Mike gave Gerald a playful cuff on the shoulder. “Don’t mind him,” Mike said. “He’s just a little obsessed with the microscopic world. It’s all the research he does for our game. There’s nothing in that water that can hurt you, Becca.” With this, he took a running leap into it, Justin right behind him. Both boys squealed as they hit the cold water.
“See, Becca, it’s safe enough to drink,” Mike called, scooping some up in his hand and slurping.
“You’re going to be pissing protozoa,” Justin teased.
Mike took a second sip. “Amoeba, yum!”
“Actually,” Sam said, trying to sound older by lowering his voice, “most microscopic organisms are safe to ingest. The truth is, our bodies are full of bacteria all the time. We’ve even got E. coli in us, living in complete symbiosis most of the time.”
Lisa rolled her eyes. What was this—attack of the geeks?
Franny moved closer to Becca, leaned in, and whispered something in her ear. Becca nodded, then they both giggled, looking at Sam, then away.
Lisa couldn’t stand girls like that, no matter what age. Girls who tittered and breathed secrets in one another’s ears. Dainty girls who didn’t want to get dirty.
“Come on in, man,” called Mike. “You only feel like you’re freezing your balls off for the first thirty seconds or so.”
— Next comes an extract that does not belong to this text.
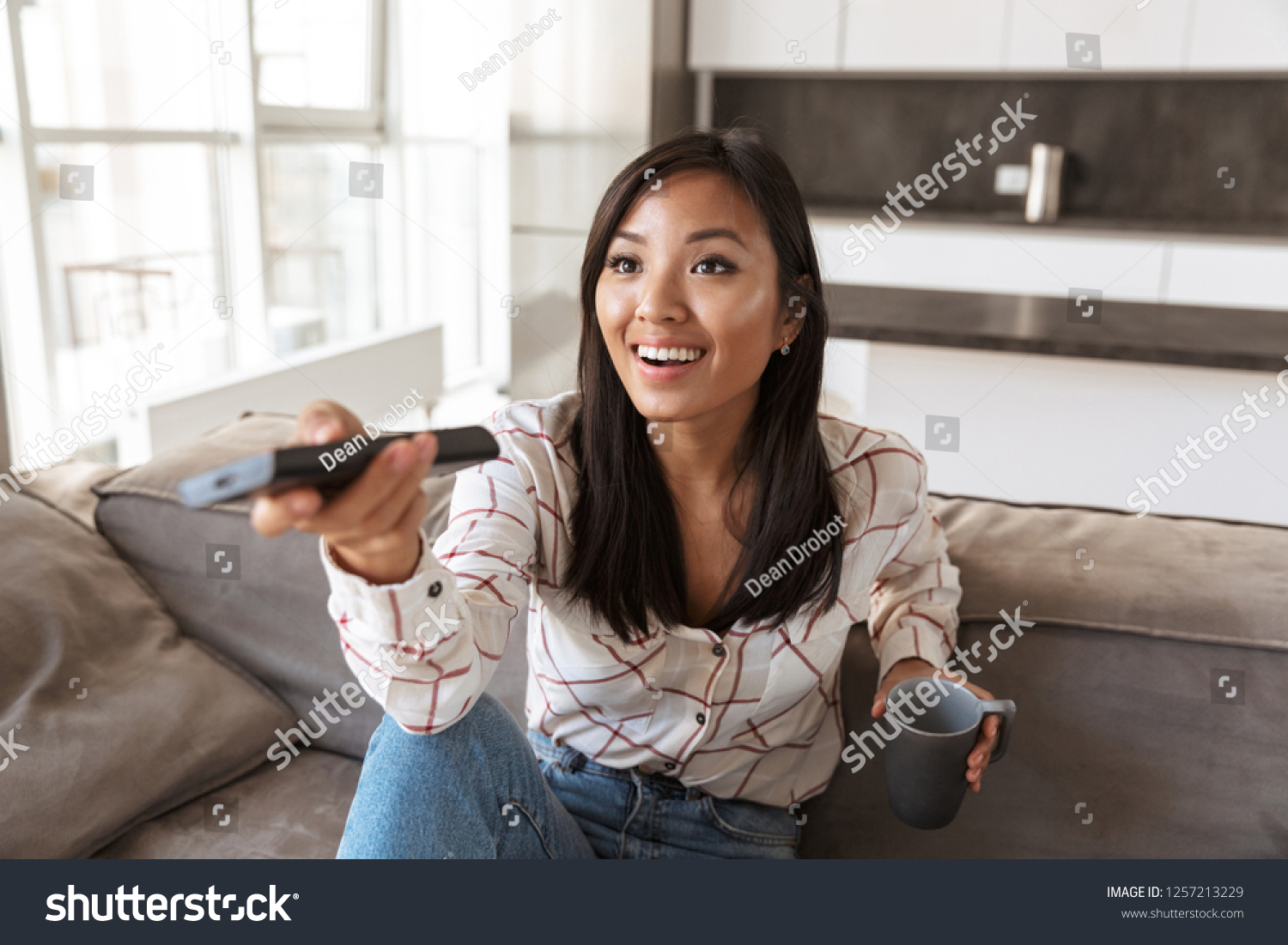 Photo of positive asian woman 20s holding remote control and watching TV while sitting at sofa in cozy apartment #1257213229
Gerald took his T-shirt off carefully over his glasses, kicked off his running shoes, and made his way slowly toward the stream, stepping gingerly over stones, as if his feet were ultrasensitive. He stopped at the edge.
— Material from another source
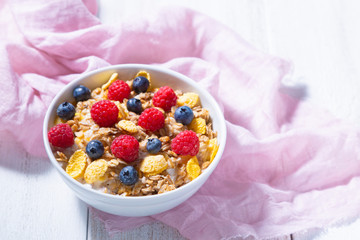 Bowl with granola, blueberries and raspberries and pink cloth on a white background. Healthy breakfast concept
“What have we here?” he asked, picking up Evie’s belt and knife.
Lisa took in a sharp breath. This was trouble. Bad trouble.
“Looks like a bushwhacker to me,” Mike called from the water. “Bach gloon neot?”
Gerald laughed and nodded. “Totally!” he snorted, pushing his dark glasses up his nose.
“Drop it!” Evie snarled from her crouched position downstream.
Gerald unsnapped the sheath, pulled the knife out, and whistled. “Quite a blade on it. Could kill an elephant with this thing, probably. And what is this down by the handle? A little dried blood? Christ, Stevie, what have you been cutting up?”
“Shit, man, maybe it
is
blood,” Mike said. “You know what they said about her great-grandfather, how he made some kind of pact with the devil and did sacrifices and shit out in those woods? Maybe Stevie’s just following in his footsteps!”
Gerald shook his head. “A pact with the devil? Nah. I heard Old Doc O’Toole was the
son of the devil
. He had powers. Could hypnotize people with his eyes. That’s what my mom said. Hell of a family tree you’ve got, Lisa.”
“Enough, Gerald,” Lisa warned, swimming toward him.
“I’m just saying. You might be in danger, Lisa. I mean if cousin Stevie is going around like a young psychopath slicing and dicing cats or something, wouldn’t you be concerned? Didn’t you know that’s how Jeffrey Dahmer got his start—cutting the heads off of dogs and cats and impaling them on sticks.”
“Eew!” squealed Pinkie.
“No way!” said Franny.
“Yes way,” Gerald said. “Totally true.”
“Put it down!” Evie growled. She was still crouched, her body a tight ball, the water up to her neck.
“Oh, and are you gonna make me? Not so tough now, huh? Now that I’ve got your big, bad blade of death here.”
Pinkie and her pale friend looked on in silence, both of them frowning. Mike and Justin were treading water, watching. Mike moved closer to shore, walking toward Gerald, water pooling in the well of his sunken chest. “Looks like a sacrificial blade to me, for sure,” he called. “I’d be careful if I were you, man. It might have some serious mojo.”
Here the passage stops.